[[ Data segment, beginning ]]

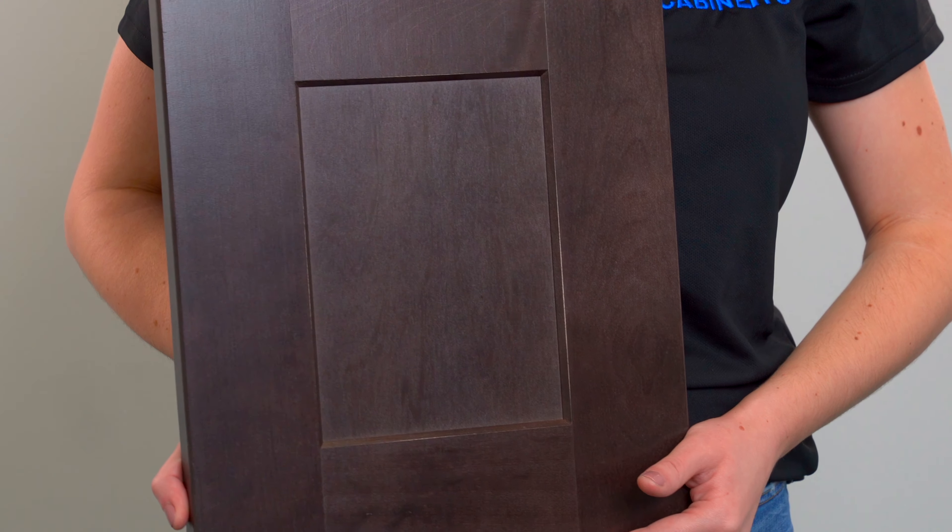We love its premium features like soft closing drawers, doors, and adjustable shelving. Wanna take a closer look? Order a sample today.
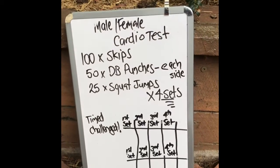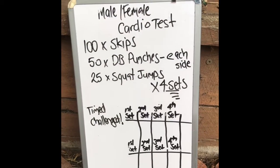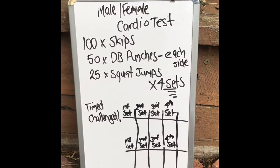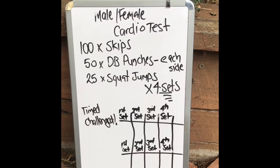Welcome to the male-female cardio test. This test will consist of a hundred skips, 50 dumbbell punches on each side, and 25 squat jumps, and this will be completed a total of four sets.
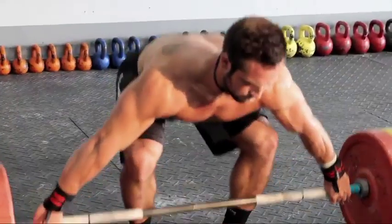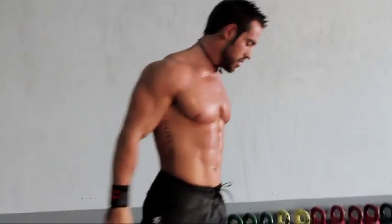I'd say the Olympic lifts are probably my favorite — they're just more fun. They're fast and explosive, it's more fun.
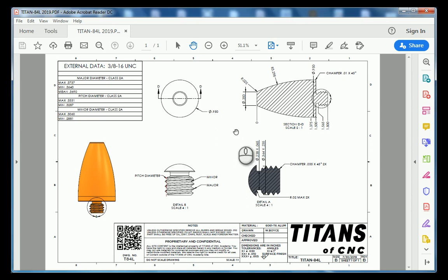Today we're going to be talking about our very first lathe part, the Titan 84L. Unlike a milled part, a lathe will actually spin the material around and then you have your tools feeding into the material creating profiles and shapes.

[[ Data segment, end ]]

## To do
Set down, in exact form, only the lines that start at the one containing "Welcome to the" and finish at the last line of the material; pictures do not go in.

## Completed task
Welcome to the male-female cardio test. This test will consist of a hundred skips, 50 dumbbell punches on each side, and 25 squat jumps, and this will be completed a total of four sets.
I'd say the Olympic lifts are probably my favorite — they're just more fun. They're fast and explosive, it's more fun.
Today we're going to be talking about our very first lathe part, the Titan 84L. Unlike a milled part, a lathe will actually spin the material around and then you have your tools feeding into the material creating profiles and shapes.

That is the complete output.